Fortunately, Singapore is a veritable hub for REITs, offering investors choices aplenty.
It’s an opportune time to buy REITs now.
Firstly, with impending interest rate hikes in the US and the UK, jittery investors have been pushing down the unit prices of REITs.
As REITs are heavily reliant on debt financing, an increase in interest rates normally dampens demand for these property-laden securities.
Any sell-down will open up opportunities to scoop REITs up at attractive dividend yields.
Secondly, with many countries disseminating COVID-19 vaccines to their populations, the world should also be gearing up for a sustained recovery.

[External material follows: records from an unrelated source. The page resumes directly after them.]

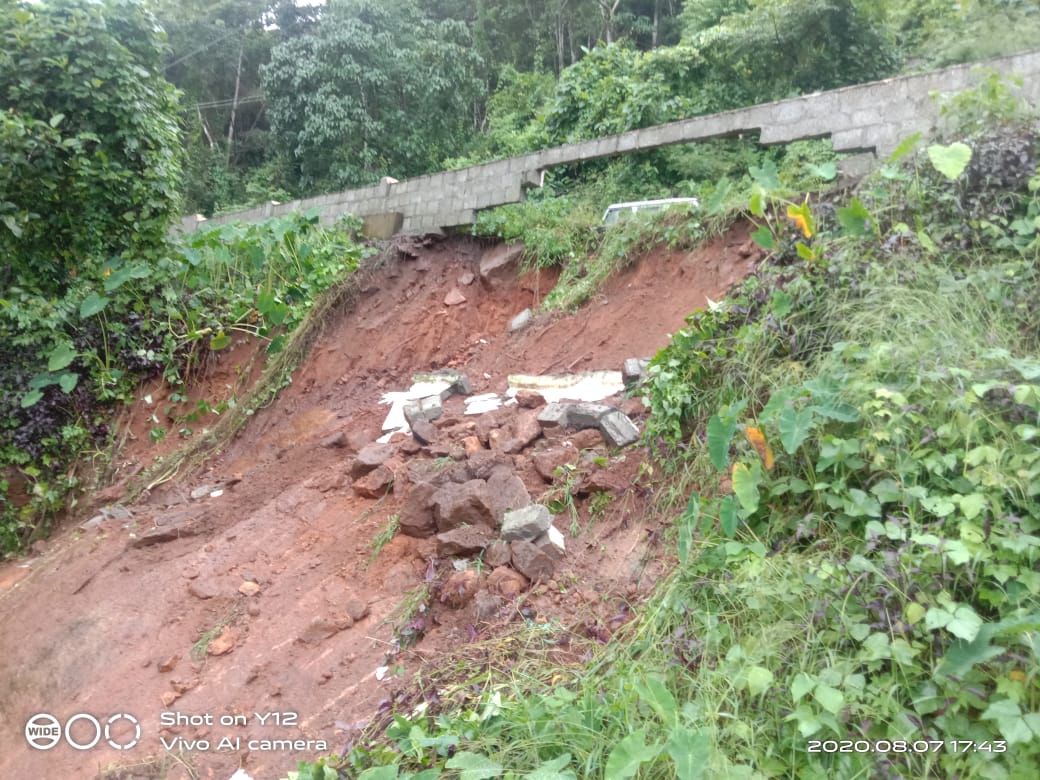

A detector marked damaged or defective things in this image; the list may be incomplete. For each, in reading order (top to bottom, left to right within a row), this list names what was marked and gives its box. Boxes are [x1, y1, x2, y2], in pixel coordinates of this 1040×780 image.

broken concrete block [536, 402, 568, 426]
broken concrete block [564, 406, 612, 430]
broken concrete block [596, 412, 636, 448]
broken concrete block [502, 506, 556, 544]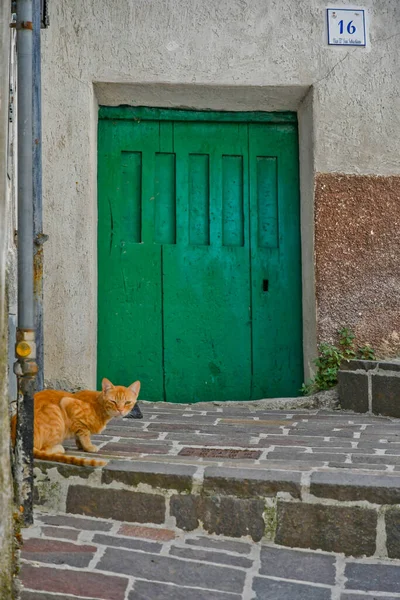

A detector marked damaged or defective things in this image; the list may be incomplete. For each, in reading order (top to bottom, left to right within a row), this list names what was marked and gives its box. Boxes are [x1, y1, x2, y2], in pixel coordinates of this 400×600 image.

cracked stucco wall [39, 0, 400, 390]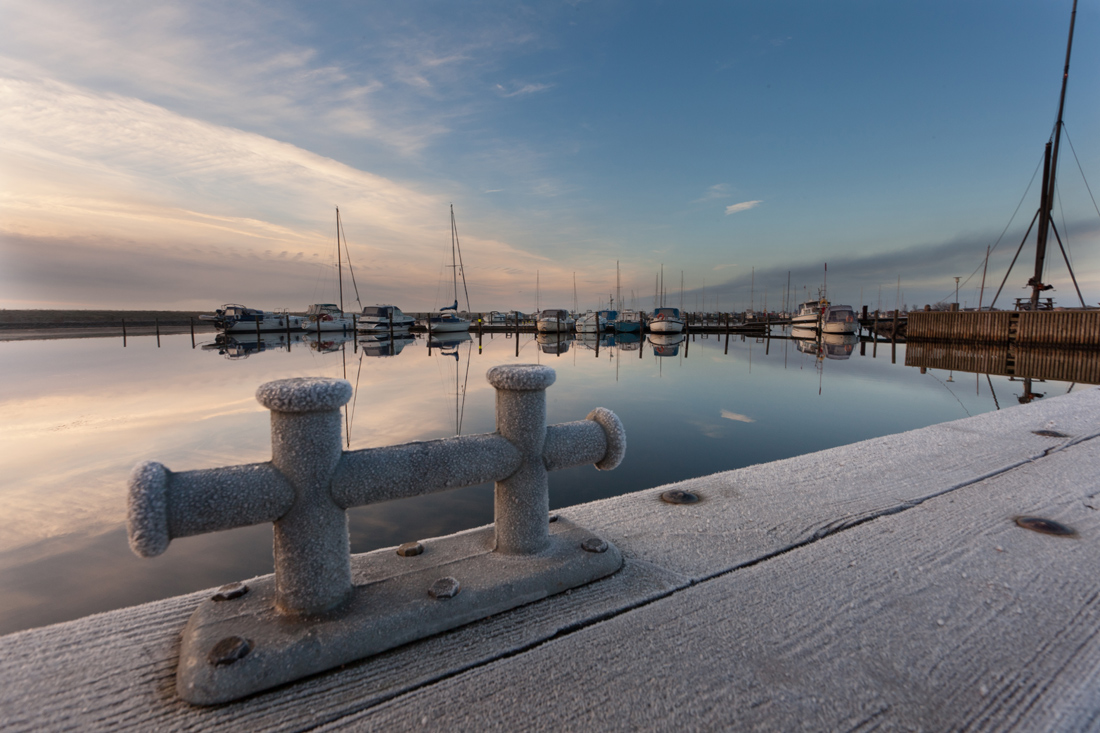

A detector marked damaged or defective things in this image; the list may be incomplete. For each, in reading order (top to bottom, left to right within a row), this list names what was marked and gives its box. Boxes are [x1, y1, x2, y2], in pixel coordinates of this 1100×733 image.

rusty bolt [1012, 517, 1073, 534]
rusty bolt [400, 539, 424, 556]
rusty bolt [580, 534, 607, 550]
rusty bolt [210, 581, 249, 598]
rusty bolt [429, 572, 459, 598]
rusty bolt [206, 638, 251, 664]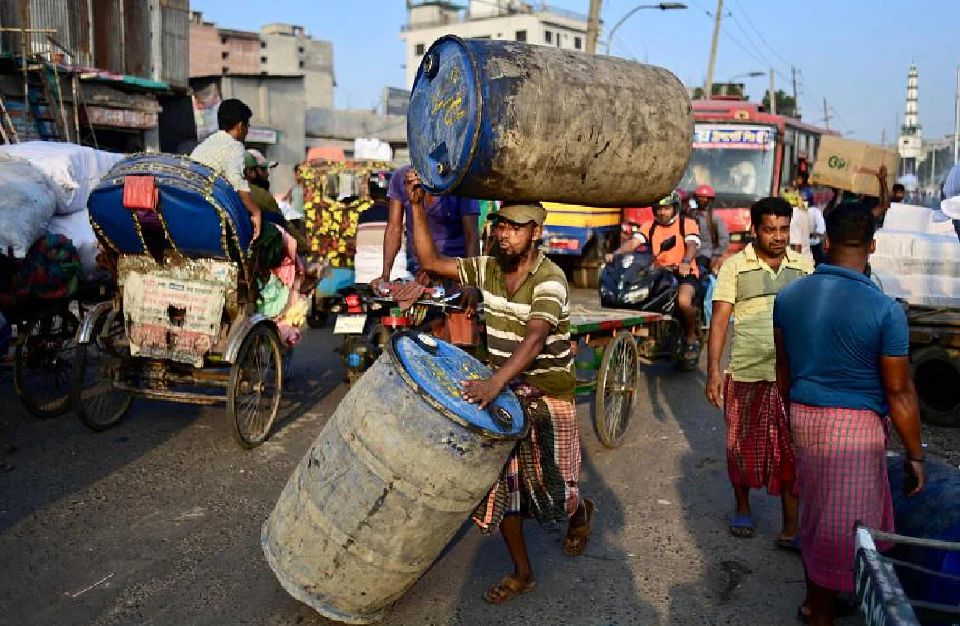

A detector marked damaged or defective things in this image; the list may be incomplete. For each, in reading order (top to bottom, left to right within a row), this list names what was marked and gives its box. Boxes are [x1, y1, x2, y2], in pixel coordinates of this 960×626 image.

rusty metal barrel [408, 35, 692, 206]
rusty metal barrel [260, 332, 524, 620]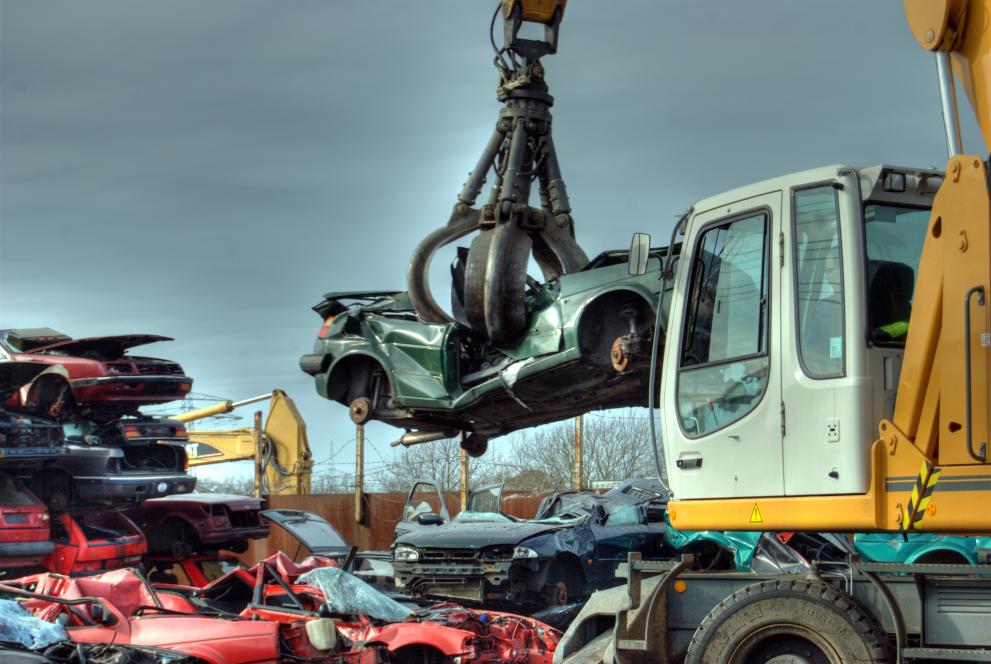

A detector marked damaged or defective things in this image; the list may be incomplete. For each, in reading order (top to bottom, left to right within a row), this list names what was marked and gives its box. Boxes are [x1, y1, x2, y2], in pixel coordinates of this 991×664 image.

crushed red car [0, 328, 192, 420]
crushed green car [302, 246, 676, 454]
crushed red car [0, 478, 52, 572]
crushed red car [45, 508, 147, 576]
crushed red car [128, 490, 268, 556]
crushed red car [3, 548, 560, 664]
shattered windshield [300, 564, 412, 624]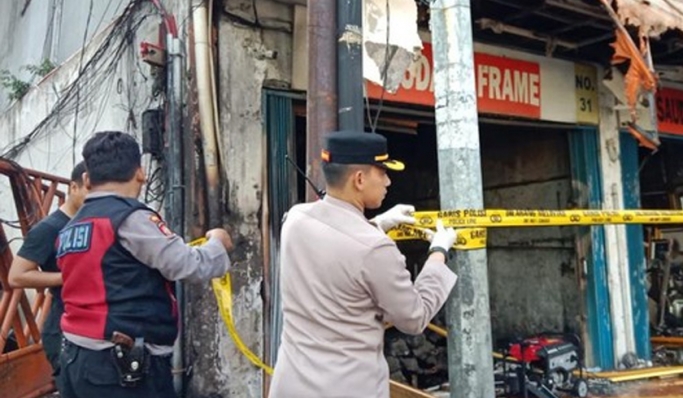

That said, it’s important to hunt for REITs with clear catalysts that can take the business to the next level.
Here are five promising REITs you can consider for your watchlist this month.
ESR-REIT (SGX: J91U)
ESR-REIT is an industrial REIT that owns a portfolio of 58 industrial properties in Singapore worth around S$3.2 million as of 30 June 2021.
The REIT’s portfolio occupancy stands at 91.7% and its properties house 360 tenants from different trade sectors.
For its fiscal 2021 first half (1H2021), the REIT reported a 5.4% year on year increase in gross revenue while net property income (NPI) rose 8.4% year on year to S$87 million.
Distribution per unit (DPU) climbed by 14.3% year on year to S$0.01554.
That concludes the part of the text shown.